Trucking companies urged Congress on Wednesday to block proposed changes to truck driver work hours, arguing tighter restrictions would backfire by putting more trucks on the road and making highways more congested and unsafe.
The comments came at a hearing aimed at building momentum to stop changes already moving through regulatory channels that could sharply overhaul the rules on how long and when truck drivers can be on the road.
The Federal Motor Carriers Safety Administration will file a status report on its proposed hours over service rule this week, and the agency is expected to unveil the entire rule by the end of the year. In a proposed rule released last December, the agency suggested cutting the daily driving limit from 11 to 10 hours and changing the 34-hour restart provision.
Proponents argue the restrictions will reduce fatalities and injuries in crashes related to truck driver fatigue. But the American Trucking Associations, along with various shippers, say studies shows truck safety already is improving dramatically under current regulations.
An FMCSA report released in October said the number of large trucks involved in fatal crashes declined 21 percent in 2009 from 2008, the largest annual decline since records have been kept. Fatal truck crashes declined 31 percent from 2007 through 2009, the agency said in its report.
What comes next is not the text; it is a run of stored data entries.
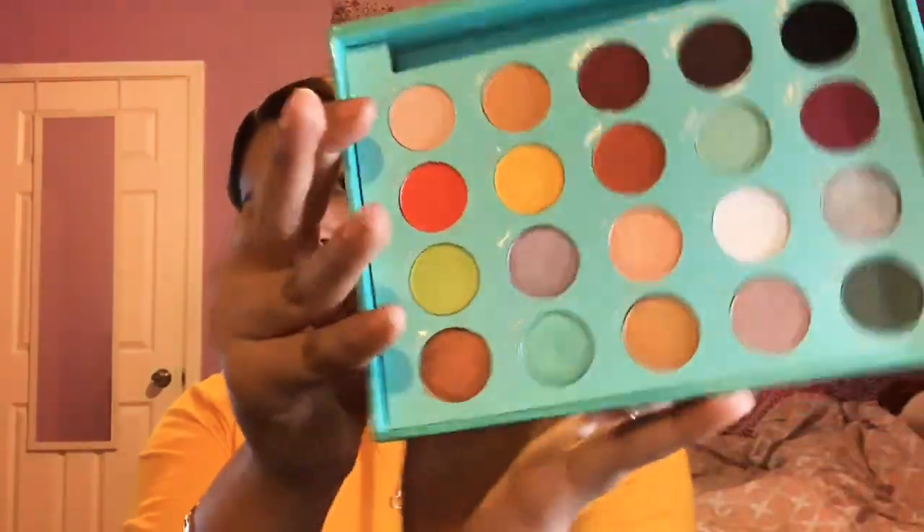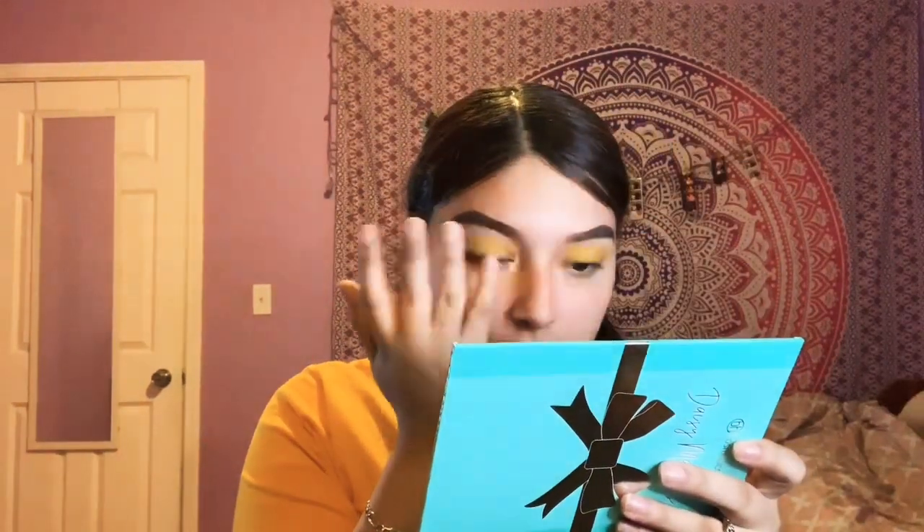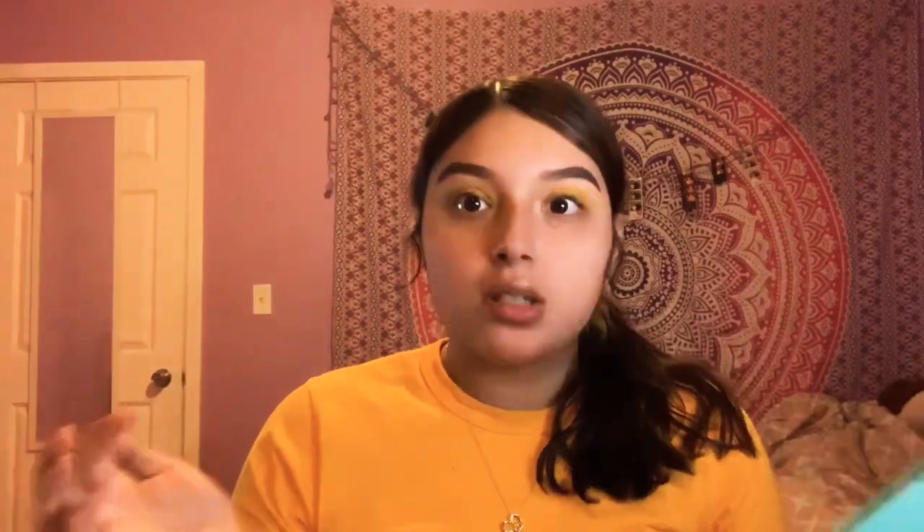Now I'm gonna be going in with a shimmer in the shade called Stunt. So I just went in with the yellow color and now I'm going in with Stunt in my inner corner — just with my pinky. Oh my goodness, that was way too much. The palette is really pigmented to be honest, so a little bit goes a long way. I just put way too much.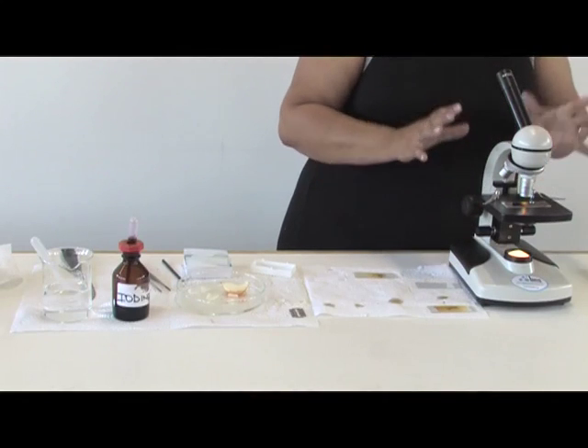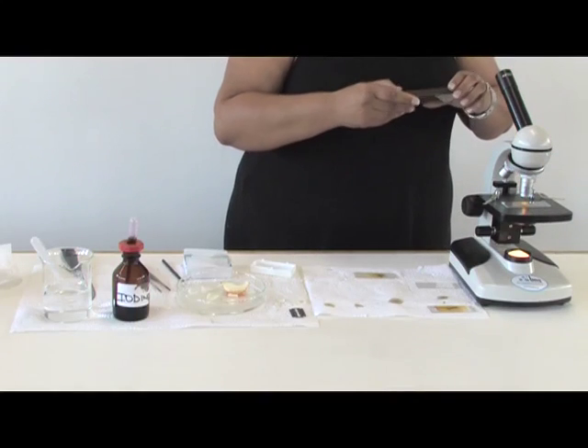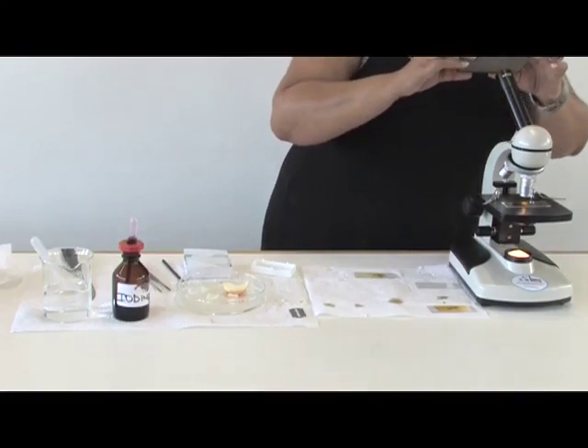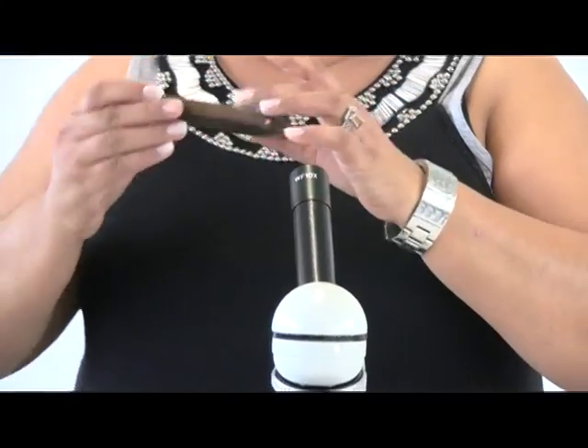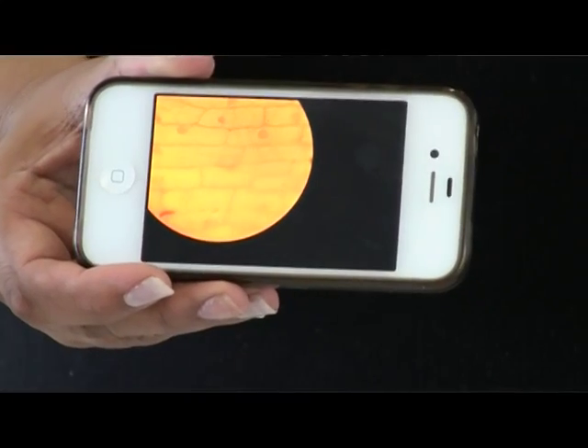After focusing, if you don't have a lot of apparatus, you can take your cell phone and take a photo of what you see. Once you have the image, you can project it — and this is what can be seen under the microscope.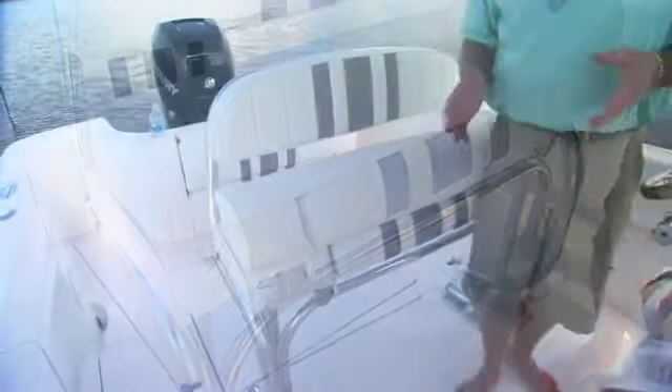Now the comfort on the 245 Center Console starts right here. There's a double-wide helm seat. With the footrest, that all flips away and gives you plenty of stand-up driving room and a comfortable leg position. It's great ergonomics.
But FMCSA Administrator Anne Ferro told a House subcommittee the rate of accidents caused by fatigue has increased in recent years. She also said fatalities historically have declined during a recession, and the recent drops came as economic activity in the United States retrenched sharply from 2007 to 2009.
ATA President and CEO Bill Graves says that is misguided, and told the panel proponents of the changes are now attempting to use our country’s weak economy as a wedge, arguing for this rule simply because it will reduce productivity and create driving jobs.
He said the regulation would force truck operators to drive 5 billion more miles, and based on recent crash rates, this would lead to 52 more fatal crashes and nearly 900 injuries annually.
Graves said the regulation would reduce the industry’s productivity by 5 percent and force companies to hire at least 115,000 drivers. The White House estimates the rule change could cost some $1 billion.
Republicans in the House appear intent on blocking the rule change, as they did a similar amendment of HOS rules in the 1990s.
The FMCSA is “playing games with numbers” and has used “fuzzy math” to make its case for the tighter regulations, said Rep. Jim Jordan, R-Ohio, told attendees of a House subcommittee hearing on the rule change Wednesday morning.